# The data
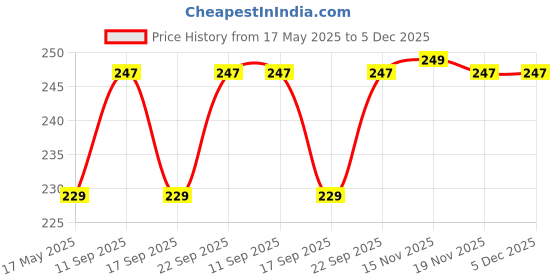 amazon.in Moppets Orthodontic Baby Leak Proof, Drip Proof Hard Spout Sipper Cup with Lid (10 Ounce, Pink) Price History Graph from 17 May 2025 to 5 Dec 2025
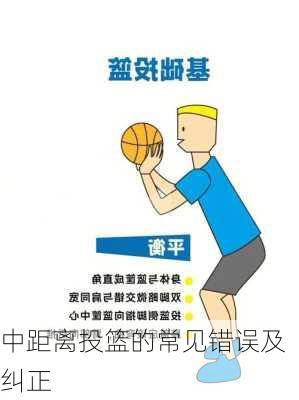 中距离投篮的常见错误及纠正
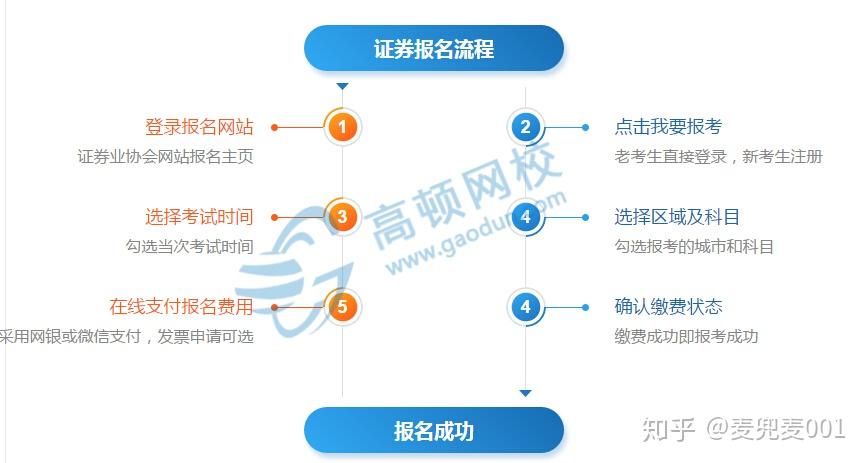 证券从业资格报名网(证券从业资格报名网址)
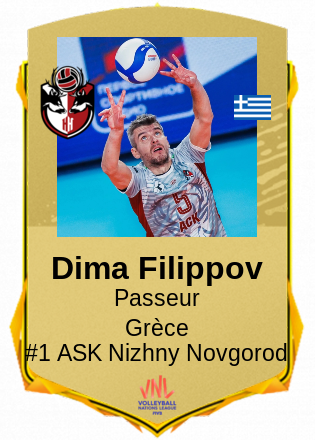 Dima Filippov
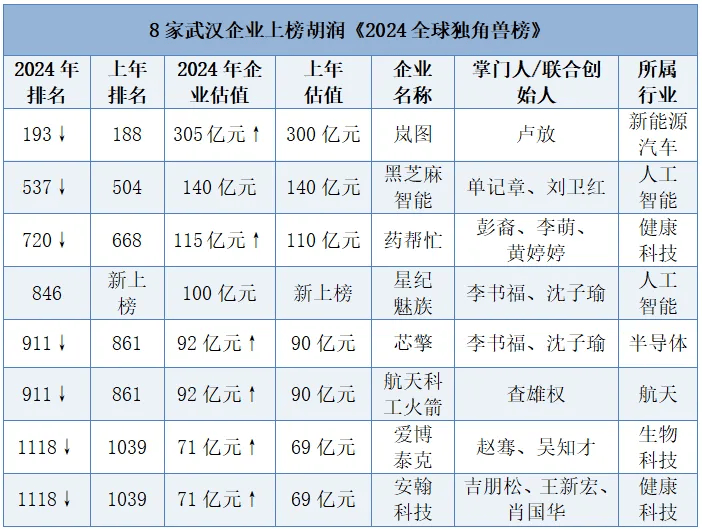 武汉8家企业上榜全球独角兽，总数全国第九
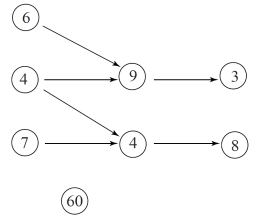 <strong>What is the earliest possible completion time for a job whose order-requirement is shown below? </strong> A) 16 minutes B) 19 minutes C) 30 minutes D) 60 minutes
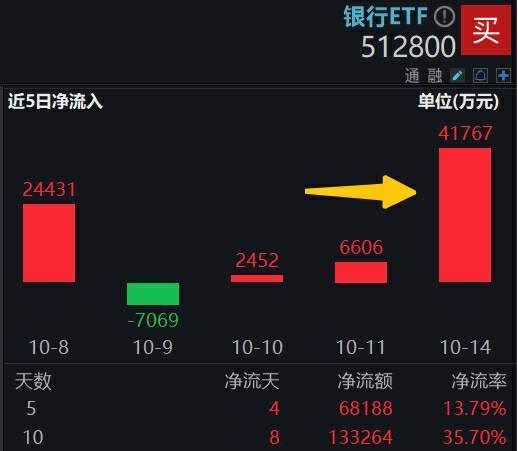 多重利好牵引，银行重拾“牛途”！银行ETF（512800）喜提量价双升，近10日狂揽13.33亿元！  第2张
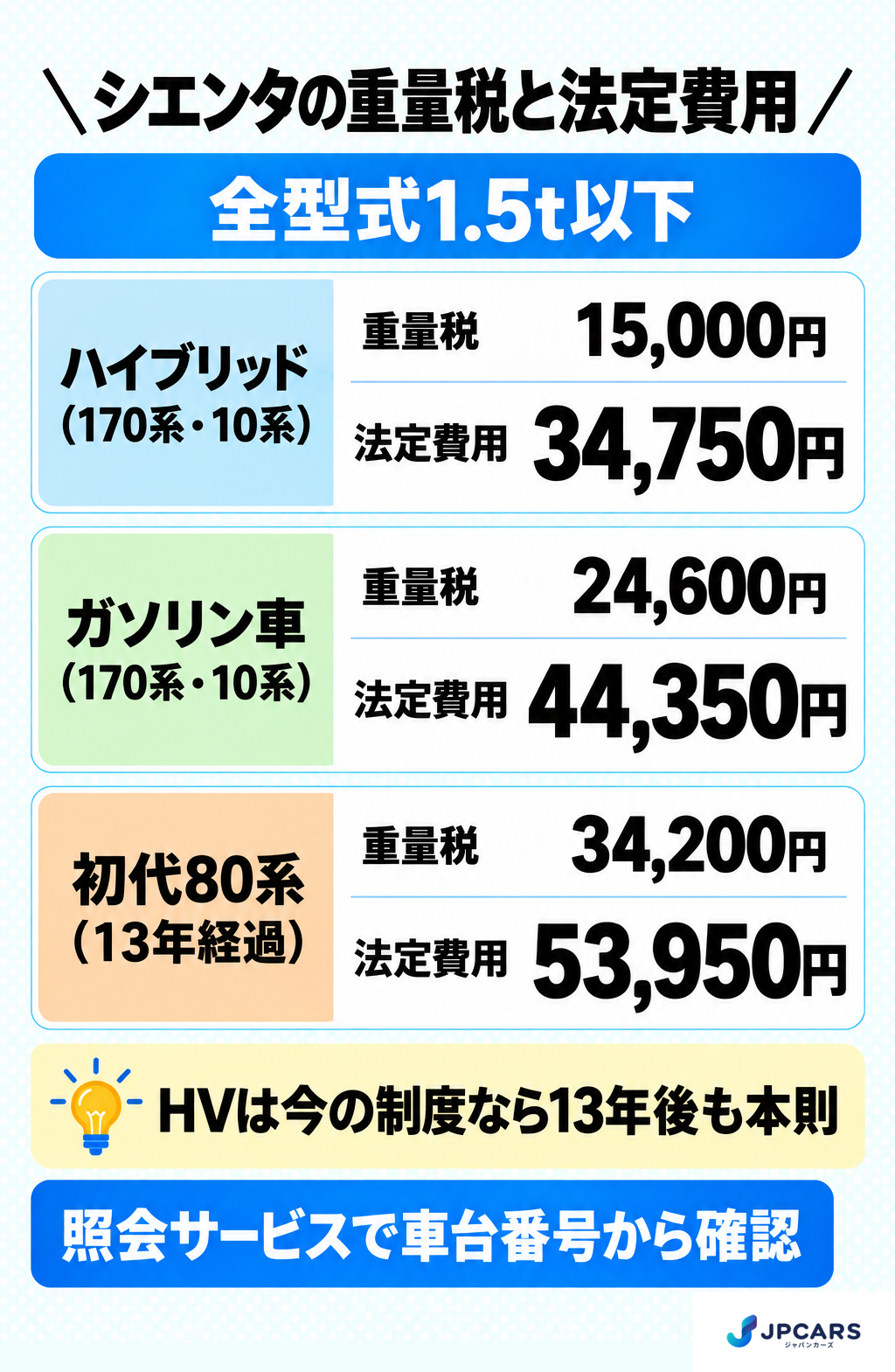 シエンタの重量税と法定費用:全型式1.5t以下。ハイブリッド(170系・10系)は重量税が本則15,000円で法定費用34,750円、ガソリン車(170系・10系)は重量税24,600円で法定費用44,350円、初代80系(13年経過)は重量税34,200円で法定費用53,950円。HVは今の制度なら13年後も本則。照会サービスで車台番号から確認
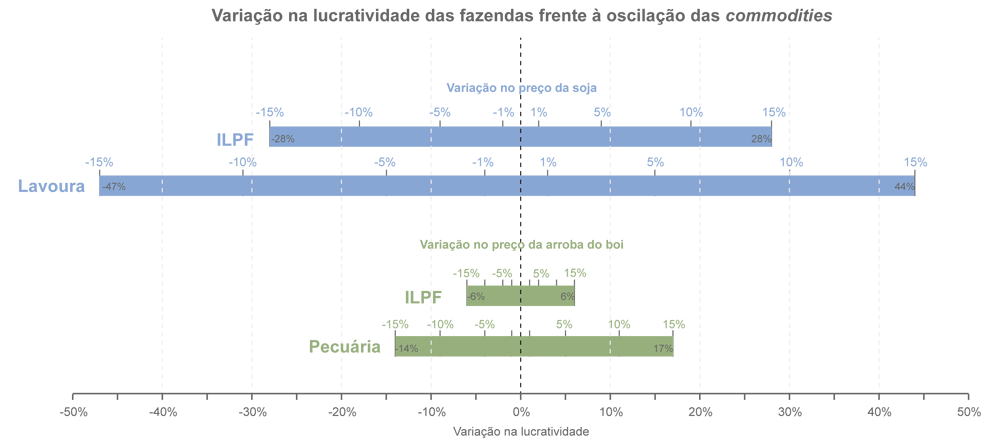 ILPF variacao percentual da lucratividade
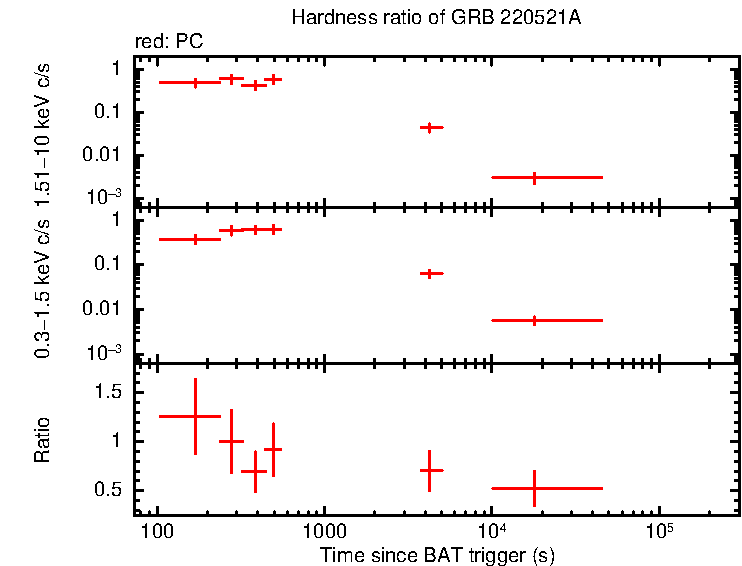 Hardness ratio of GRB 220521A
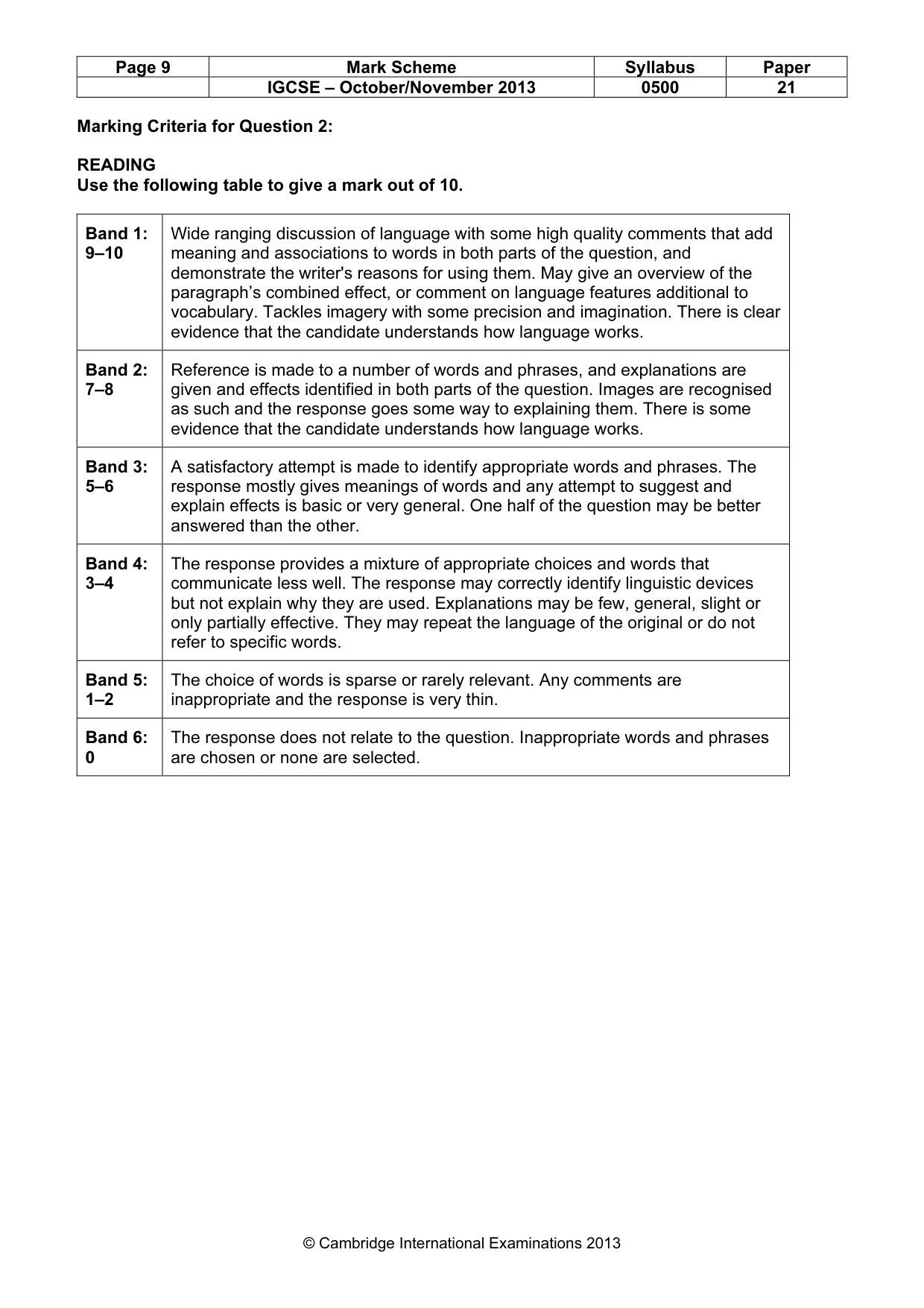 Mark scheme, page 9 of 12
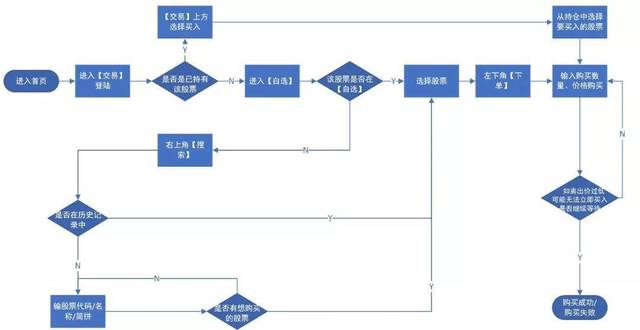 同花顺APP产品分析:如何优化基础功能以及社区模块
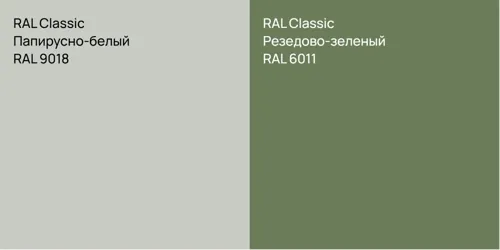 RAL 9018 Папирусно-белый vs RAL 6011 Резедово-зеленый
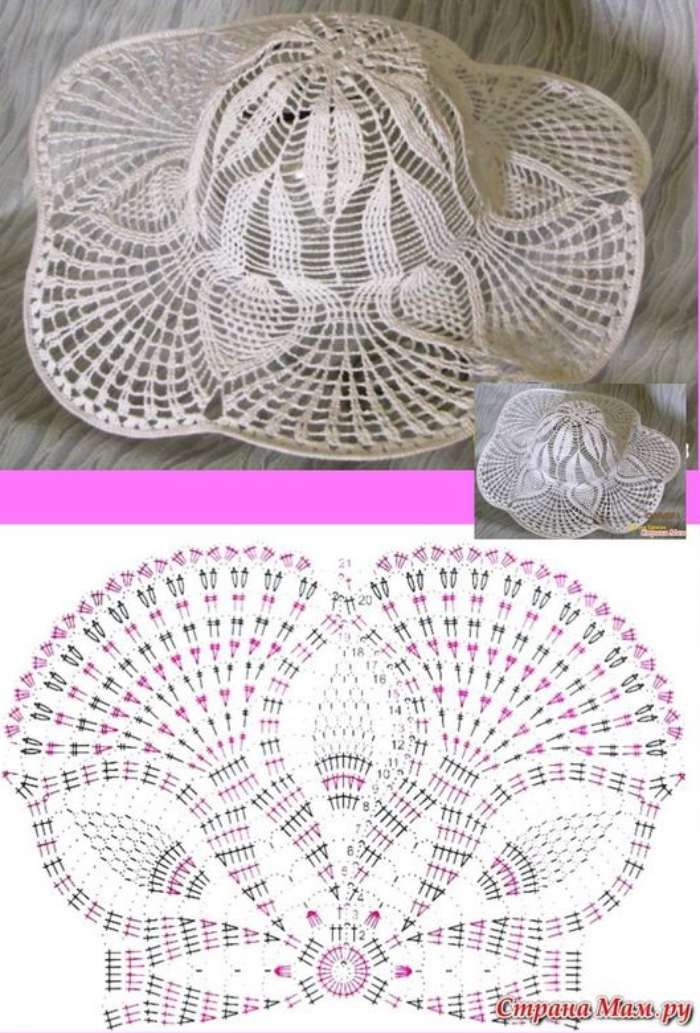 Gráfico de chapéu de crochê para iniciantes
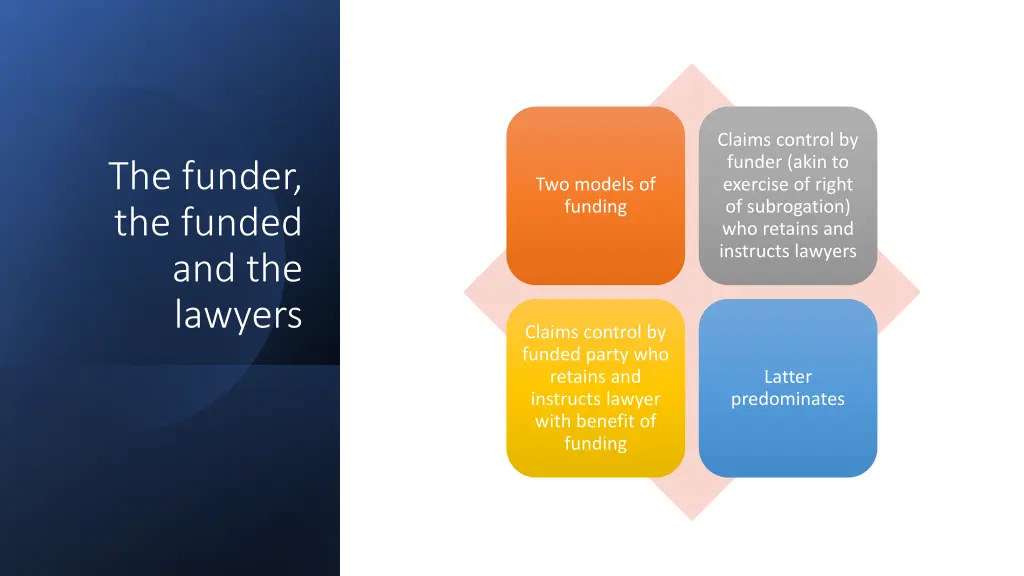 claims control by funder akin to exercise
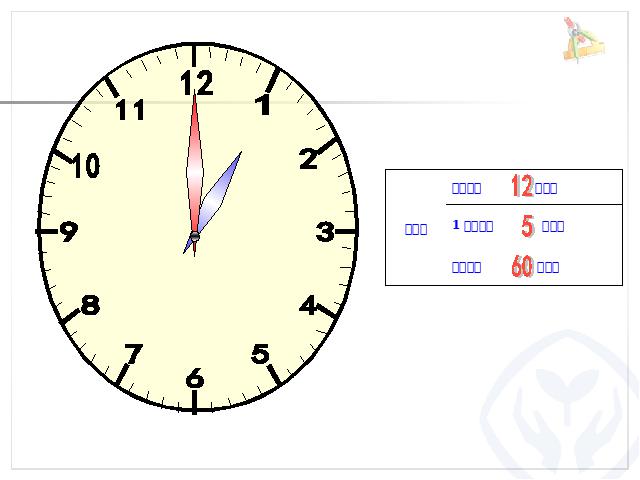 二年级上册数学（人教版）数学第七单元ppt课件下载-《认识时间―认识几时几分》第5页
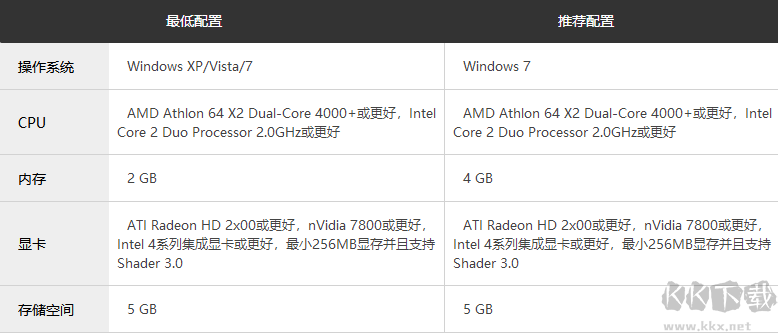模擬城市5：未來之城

# Task
Restate the records in full and word for word, but keep the pictures out.

# Finished exercise
 amazon.in Moppets Orthodontic Baby Leak Proof, Drip Proof Hard Spout Sipper Cup with Lid (10 Ounce, Pink) Price History Graph from 17 May 2025 to 5 Dec 2025
 中距离投篮的常见错误及纠正
 证券从业资格报名网(证券从业资格报名网址)
 Dima Filippov
 武汉8家企业上榜全球独角兽，总数全国第九
 <strong>What is the earliest possible completion time for a job whose order-requirement is shown below? </strong> A) 16 minutes B) 19 minutes C) 30 minutes D) 60 minutes
 多重利好牵引，银行重拾“牛途”！银行ETF（512800）喜提量价双升，近10日狂揽13.33亿元！  第2张
 シエンタの重量税と法定費用:全型式1.5t以下。ハイブリッド(170系・10系)は重量税が本則15,000円で法定費用34,750円、ガソリン車(170系・10系)は重量税24,600円で法定費用44,350円、初代80系(13年経過)は重量税34,200円で法定費用53,950円。HVは今の制度なら13年後も本則。照会サービスで車台番号から確認
 ILPF variacao percentual da lucratividade
 Hardness ratio of GRB 220521A
 Mark scheme, page 9 of 12
 同花顺APP产品分析:如何优化基础功能以及社区模块
 RAL 9018 Папирусно-белый vs RAL 6011 Резедово-зеленый
 Gráfico de chapéu de crochê para iniciantes
 claims control by funder akin to exercise
 二年级上册数学（人教版）数学第七单元ppt课件下载-《认识时间―认识几时几分》第5页
模擬城市5：未來之城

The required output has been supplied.